Il ne suffit pas d’être en capacité d’aligner, 3000, 4000 ou 5000 soldats, que ce soit sous l’égide des Nations Unies ou pas pour régler le différend des deux présidents ivoiriens. Régler le différend comment ? Sur le papier c’est simple – dans les rues d’Abidjan ce sera le chaos et les exactions que les deux camps ne se priveront pas de commettre.
Une force de réaction rapide africaine n’aura pour intérêt que d’être rapidement sur place et surtout très vite dépassée parce qu’on ignore totalement la tournure que prendront les évènements et, surtout, leur durée. Toute force confrontée à une guerre civile, et cela en prend l’allure, sera rapidement l’ennemie des deux camps. L’on peut voler de supposition en supposition, mais celle d’un rétablissement rapide de la paix est une illusion que les états majors devront vite abandonner pour des dispositions plus musclées, surtout, durables. L’imminence d’une telle intervention confirme l’échec diplomatique et signe la fin de la démocratie en Côte d’Ivoire puisqu’elle sera là pour départager militairement deux hommes que les urnes ont déjà partagé. Nous ne reviendrons pas sur les noms des heureux gagnants de cette élection mais ce ne sera pas les Ivoiriens.

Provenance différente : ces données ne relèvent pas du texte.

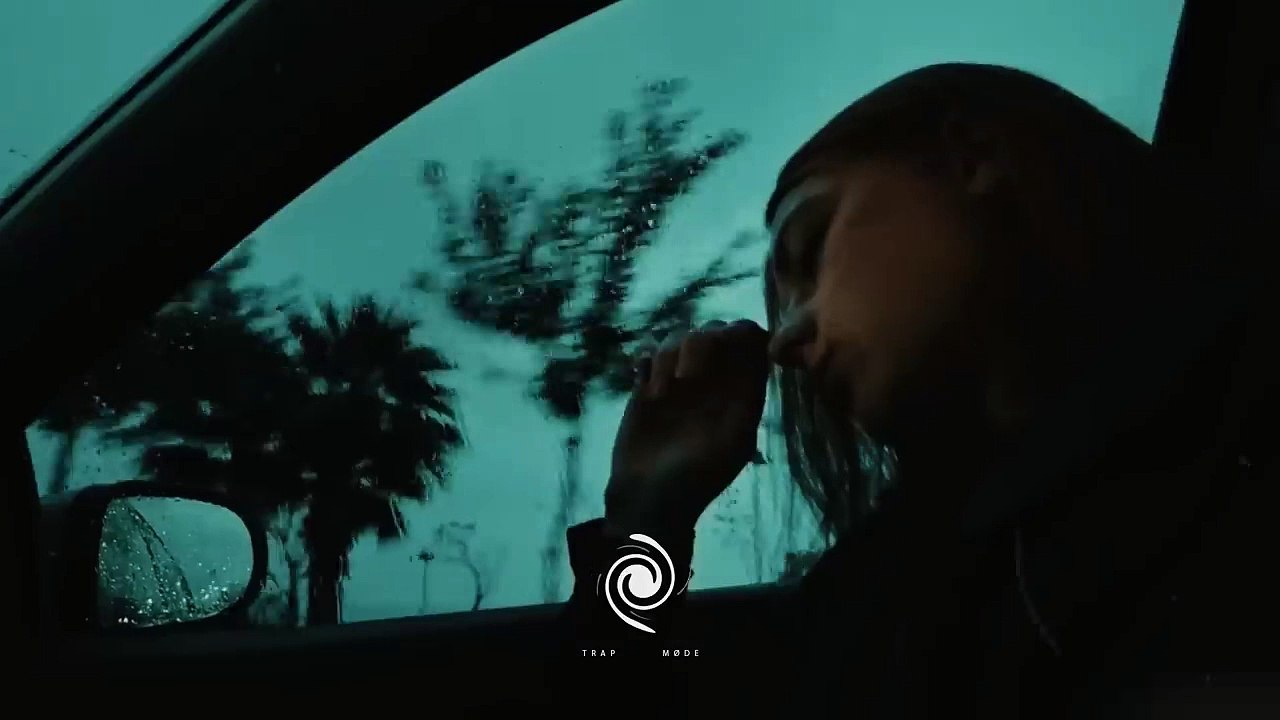 مسلم و تامر عاشور و رامي جمال - عمري ما هزعل   Muslim X Tamer Ashour X Ramy Gamal - 3omry Ma Haz3al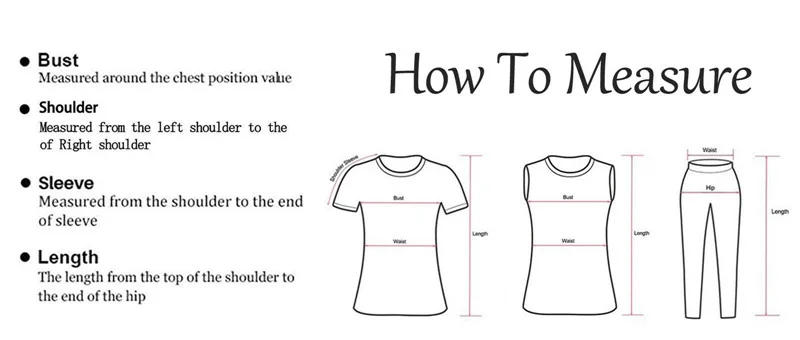 Description Picture 3 of itemY2K New Men's Fashion Black Cargo Pants Vintage Casual Sweatpants High Quality Straight Trousers Pantalones Hombre 바지 Techwear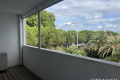 Appartement ANGLET 4360661_3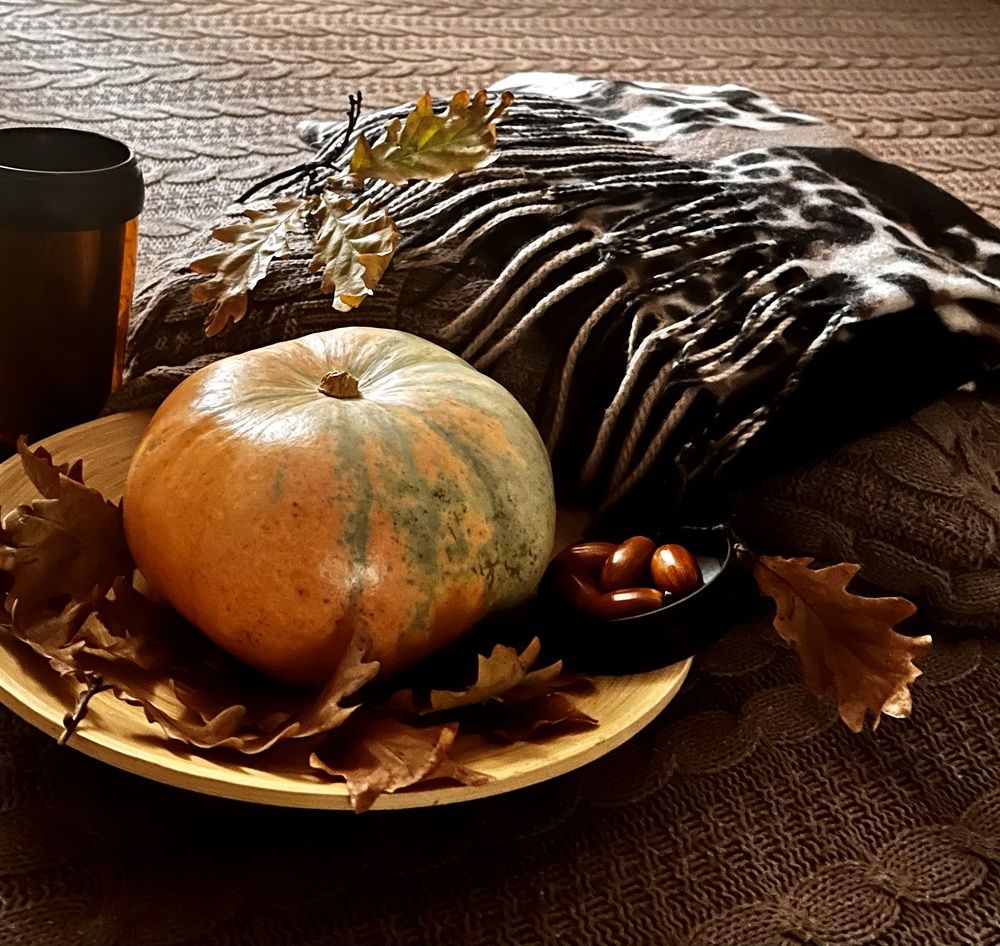 Photograph by Ольга Белоусова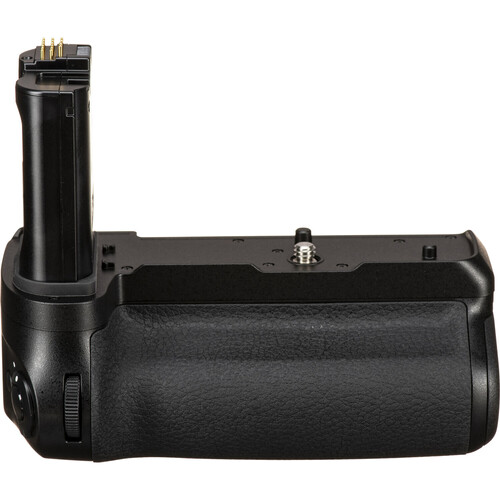 Nikon MB-N11 Battery Grip (Z6 II ve Z7 II için)
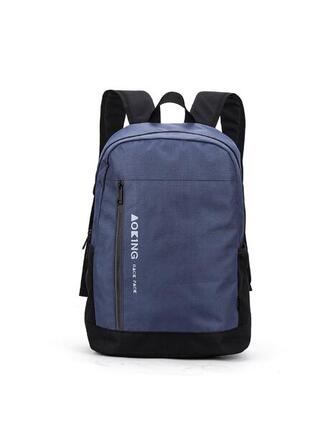 Sac à dos Mochila Rugzak Rucksack Rugzak Sac à dos Zaino AOKING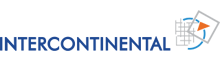 Builder Logo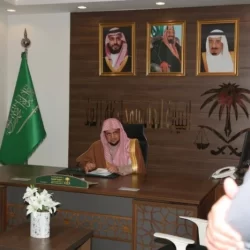 الأمير سلمان بن سلطان بن عبد العزيز يصل المدينة المنورة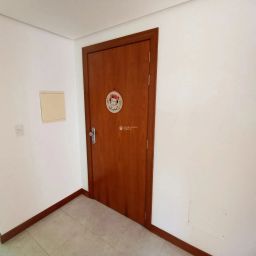 https://img.olx.com.br/thumbs256x256/10/102556162009471.jpg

L’intervention, si elle a lieu, sera conduite exclusivement par des Africains dont on peut douter de la capacité opérationnelle à œuvrer en milieu urbain (et de la volonté politique tout court) ; Abidjan n’est pas un village mais une mégapole. Le moindre mal sera pour les occidentaux, l’affaire restera africaine. On peut se demander toutefois si les soldats africains appelés à intervenir ne seront pas tentés, à un moment ou à un autre, de prendre partie pour l’un des deux camps – sympathies obligent. L’intervention ne se fera pas uniquement contre des hommes armés de machettes mais bien par une soldatesque puissamment armée et motivée formant deux camps qu’il sera difficile de combattre, de désarmer et de rendre à la raison. Les belligérants pourraient être tentés, au passage, de régler des comptes de type représailles à l’encontre d’Africains non ivoiriens ayant, par le passé, montré des sympathies envers tel ou tel camp.
La France, elle, ne bougera pas, du moins tant que ses ressortissants ne seront pas pris à partie sérieusement ; et si elle devait être appelée à le faire, aïe aïe le merdier.